2019-03-19

Comparing Garmin's Training Status And Strava's Fitness & Freshness


There is nothing new about using biometric data to estimate an athlete's level of "fitness." Researchers have been perfecting various measurements of fitness for over forty years. But it wasn't until the advent of the fitness tracker or GPS watch that the underlying equations behind these measurements could be applied to the average weekend warrior. You won't find this data in Samsung Health, and likely not in Apple Health either, because those companies are more interested in producing consumer products for people who like to count steps and receive phone calls through their wrists. The companies that are serious about competitive training, though, do provide us with this data.

Every company that is interested in providing this kind of data to users has their own preferred approach. It is all more or less based on upon the same underlying principles, but it's served up slightly differently. The numbers mean slightly different things, depending on how they've been calculated. For our purposes here, I'll compare Garmin's "Training Status" and Strava's "Fitness & Freshness" measurements.

Both Training Status and Fitness & Freshness are calculated based primarily on moving averages of "Training Load," and both approaches are pretty interesting based on what the teams who designed them wanted to accomplish.

To be brief, "training load" is a measurement of how much exercise you've done recently, and how vigorous that exercise has been. "How much" is easy to determine simply by adding up how many hours, minutes, and seconds you've spent exercising over a given calendar period. "How vigorous" is a question that ultimately comes down to a physiologist's preferred measurement of workout intensity. Strava's team prefers to analyze heart rate data during exercise. The higher your heart rate, the harder you're exercising. Garmin's team, by contrast, prefers to measure exercising intensity with a slightly more technical analysis: excess post-exercise oxygen consumption (EPOC). To that end, my guess is that Garmin estimates EPOC by analyzing how long it takes the athlete to recovery from a given exercise session.

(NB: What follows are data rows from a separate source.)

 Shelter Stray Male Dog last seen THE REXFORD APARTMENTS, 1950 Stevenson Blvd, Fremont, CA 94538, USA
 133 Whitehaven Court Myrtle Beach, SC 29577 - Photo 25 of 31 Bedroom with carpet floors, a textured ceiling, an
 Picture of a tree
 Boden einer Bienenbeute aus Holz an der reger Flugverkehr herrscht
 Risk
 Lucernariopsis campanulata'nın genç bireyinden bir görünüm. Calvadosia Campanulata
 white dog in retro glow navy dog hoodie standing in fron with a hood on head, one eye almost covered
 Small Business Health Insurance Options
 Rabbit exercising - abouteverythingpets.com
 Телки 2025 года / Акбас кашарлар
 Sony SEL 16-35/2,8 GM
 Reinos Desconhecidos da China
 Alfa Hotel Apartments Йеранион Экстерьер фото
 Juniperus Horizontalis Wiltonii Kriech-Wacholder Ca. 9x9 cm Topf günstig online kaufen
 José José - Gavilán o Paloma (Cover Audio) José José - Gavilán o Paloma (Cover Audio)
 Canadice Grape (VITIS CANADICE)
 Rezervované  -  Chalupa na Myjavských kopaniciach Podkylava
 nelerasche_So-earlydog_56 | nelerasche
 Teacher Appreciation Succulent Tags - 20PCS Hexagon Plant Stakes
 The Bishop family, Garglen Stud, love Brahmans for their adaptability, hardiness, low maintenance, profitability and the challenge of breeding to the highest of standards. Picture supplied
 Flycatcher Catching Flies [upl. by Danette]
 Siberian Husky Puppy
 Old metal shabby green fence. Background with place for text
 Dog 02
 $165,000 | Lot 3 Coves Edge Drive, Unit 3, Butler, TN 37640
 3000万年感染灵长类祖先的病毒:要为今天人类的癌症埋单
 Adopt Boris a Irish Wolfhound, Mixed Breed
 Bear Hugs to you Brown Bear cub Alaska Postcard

Both of these measurements have pros and cons. One mark in Strava's favor is the relative simplicity of the calculation. Time + heart rate = load. (That's not the exact calculation, but you get the idea.) But the drawback to a calculation this simple is that anaerobic activity can increase a person's heart rate without doing much in the way of training load for, say, cycling. A competitive cyclist can get her heart rate up during a 30-minute arms workout without impacting her overall "training load" for cycling. In fact, she might go out for a 30-mile ride immediately following the arms workout without feeling too much different than she would have otherwise. By contrast, Garmin's EPOC calculation will capture that level of nuance here. That same cyclist's post-weight-lifting EPOC will be quite short compared to her 30-mile ride, and her Garmin-calculated Training Load will adjust accordingly.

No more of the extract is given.